Work required: This exercise calls for an exact copy of the data below.

Data for this exercise:

-------------------------

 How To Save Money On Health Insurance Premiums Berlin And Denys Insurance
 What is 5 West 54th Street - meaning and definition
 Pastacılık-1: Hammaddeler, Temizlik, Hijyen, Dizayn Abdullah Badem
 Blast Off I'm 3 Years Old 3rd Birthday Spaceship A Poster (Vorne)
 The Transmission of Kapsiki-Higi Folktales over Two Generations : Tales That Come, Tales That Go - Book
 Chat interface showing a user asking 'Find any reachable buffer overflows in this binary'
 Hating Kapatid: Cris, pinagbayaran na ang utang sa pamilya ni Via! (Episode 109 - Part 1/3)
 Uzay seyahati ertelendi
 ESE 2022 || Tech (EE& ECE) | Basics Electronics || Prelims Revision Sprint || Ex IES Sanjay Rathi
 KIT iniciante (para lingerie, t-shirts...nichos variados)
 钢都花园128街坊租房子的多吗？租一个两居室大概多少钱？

-------------------------

Exercise result:
 How To Save Money On Health Insurance Premiums Berlin And Denys Insurance
 What is 5 West 54th Street - meaning and definition
 Pastacılık-1: Hammaddeler, Temizlik, Hijyen, Dizayn Abdullah Badem
 Blast Off I'm 3 Years Old 3rd Birthday Spaceship A Poster (Vorne)
 The Transmission of Kapsiki-Higi Folktales over Two Generations : Tales That Come, Tales That Go - Book
 Chat interface showing a user asking 'Find any reachable buffer overflows in this binary'
 Hating Kapatid: Cris, pinagbayaran na ang utang sa pamilya ni Via! (Episode 109 - Part 1/3)
 Uzay seyahati ertelendi
 ESE 2022 || Tech (EE& ECE) | Basics Electronics || Prelims Revision Sprint || Ex IES Sanjay Rathi
 KIT iniciante (para lingerie, t-shirts...nichos variados)
 钢都花园128街坊租房子的多吗？租一个两居室大概多少钱？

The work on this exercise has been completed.